● Material provided
▼▼▼

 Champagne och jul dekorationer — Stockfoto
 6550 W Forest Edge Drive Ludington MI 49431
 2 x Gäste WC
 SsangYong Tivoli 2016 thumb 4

▲▲▲
▼▼▼

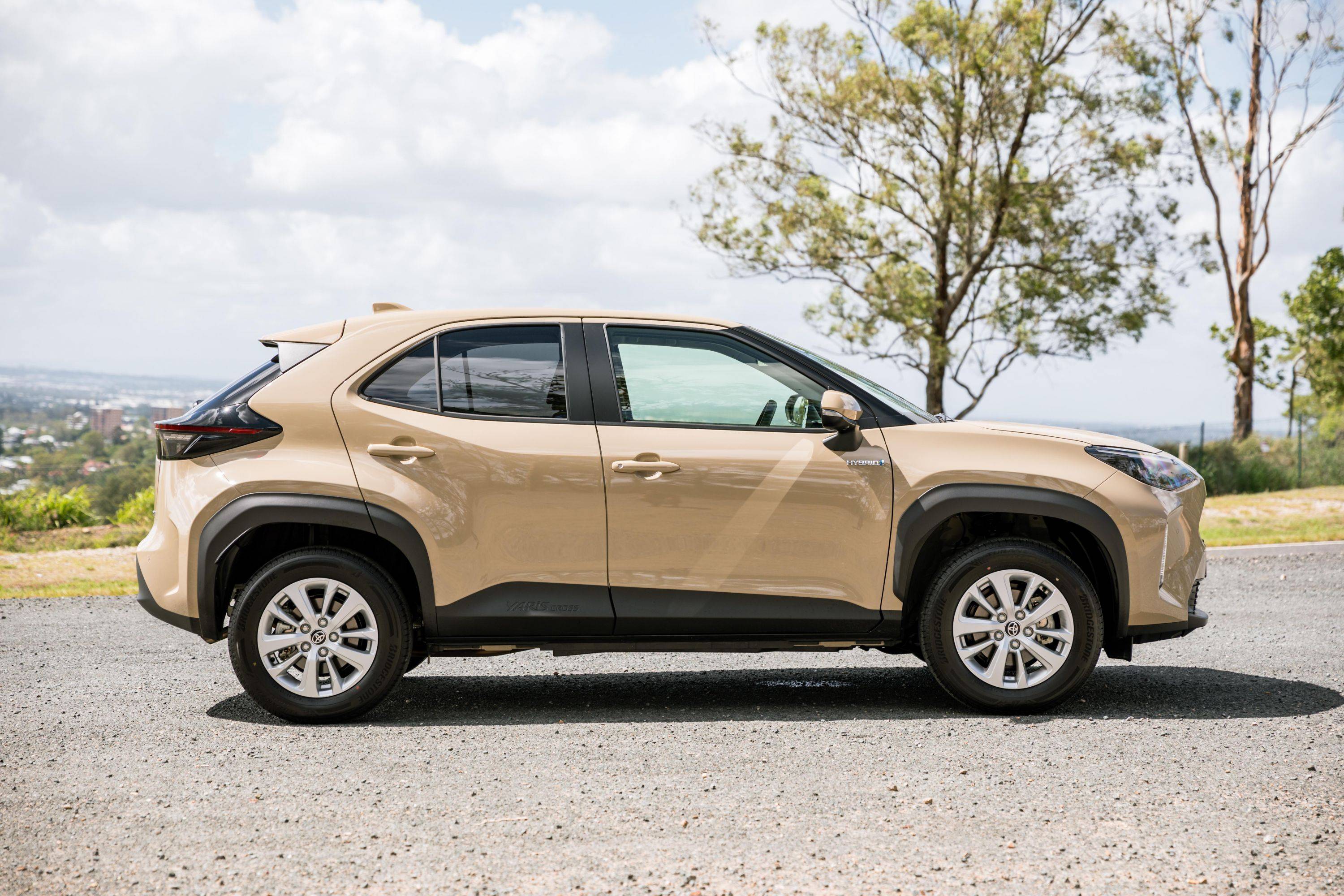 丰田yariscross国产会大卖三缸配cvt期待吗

▲▲▲
▼▼▼

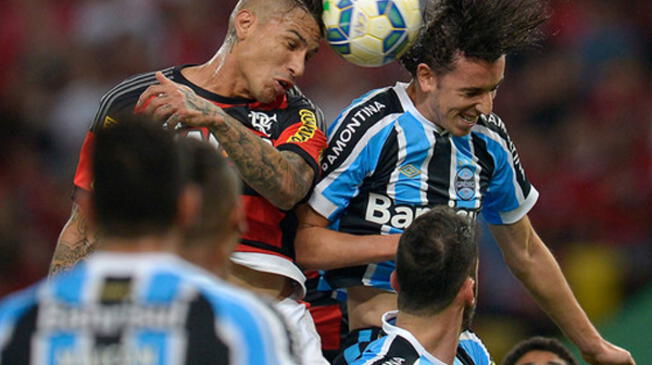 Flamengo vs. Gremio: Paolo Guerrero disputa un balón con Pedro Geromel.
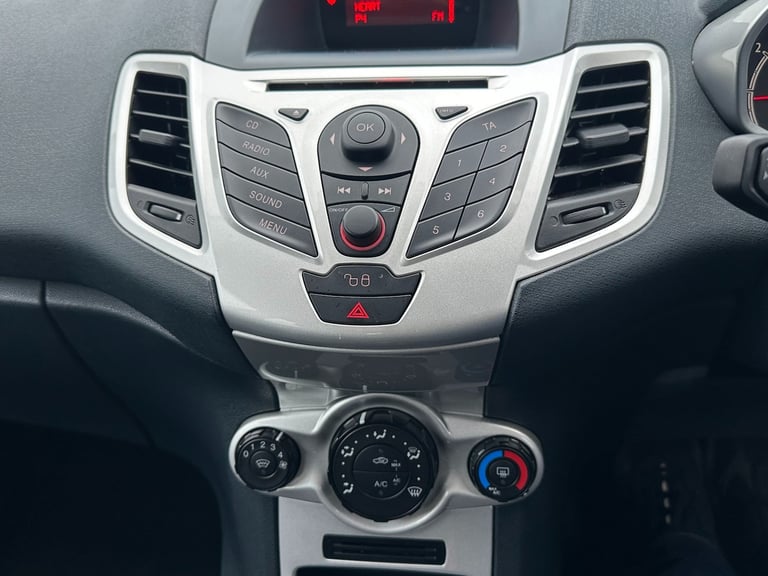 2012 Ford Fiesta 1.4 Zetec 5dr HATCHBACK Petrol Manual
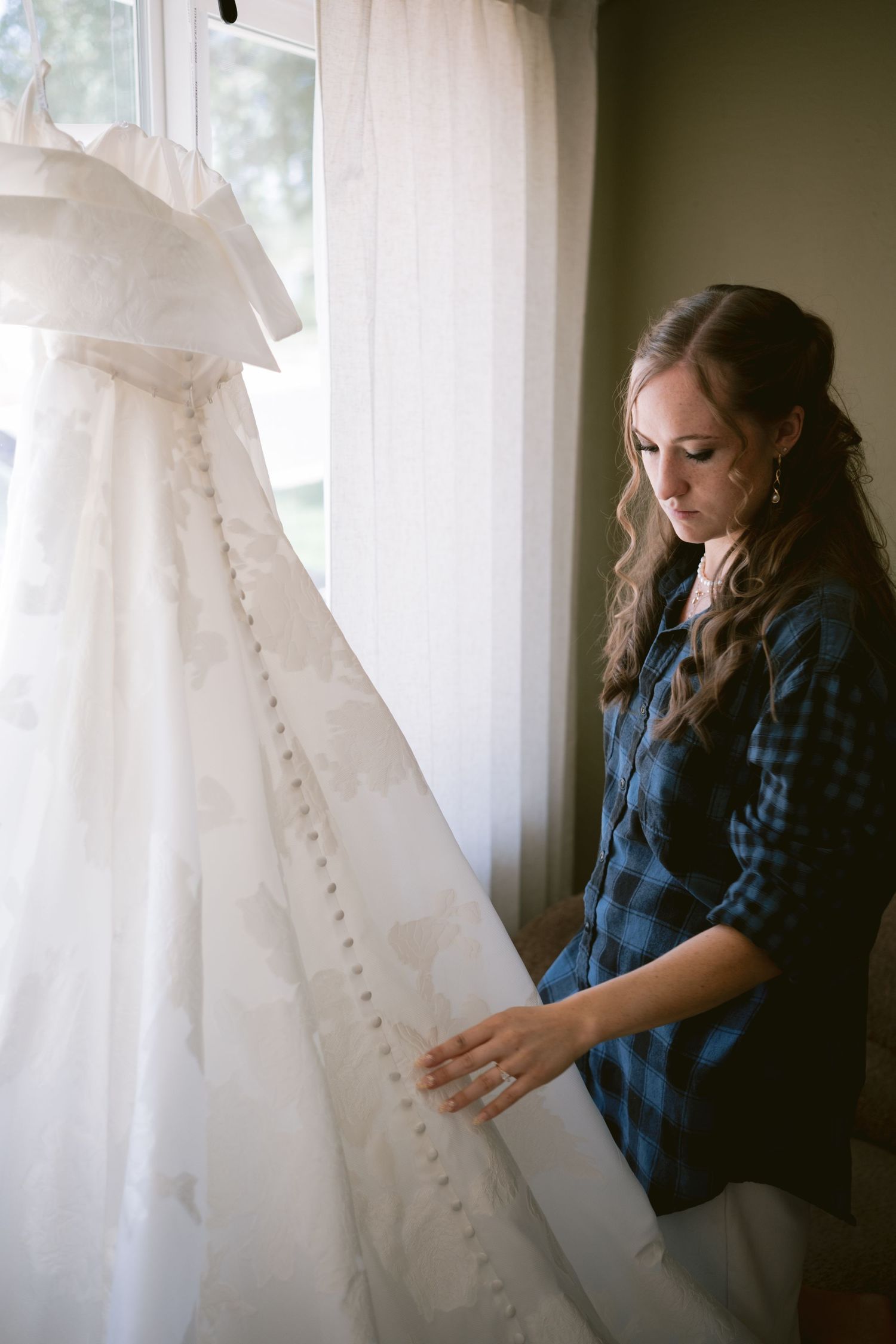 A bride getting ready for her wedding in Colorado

▲▲▲

● The task
Within the listing above, extract exactly the lines that run from the one containing "2012 Ford Fiesta" through the one containing "A bride getting", excluding any pictures.

● Answer section
 2012 Ford Fiesta 1.4 Zetec 5dr HATCHBACK Petrol Manual
 A bride getting ready for her wedding in Colorado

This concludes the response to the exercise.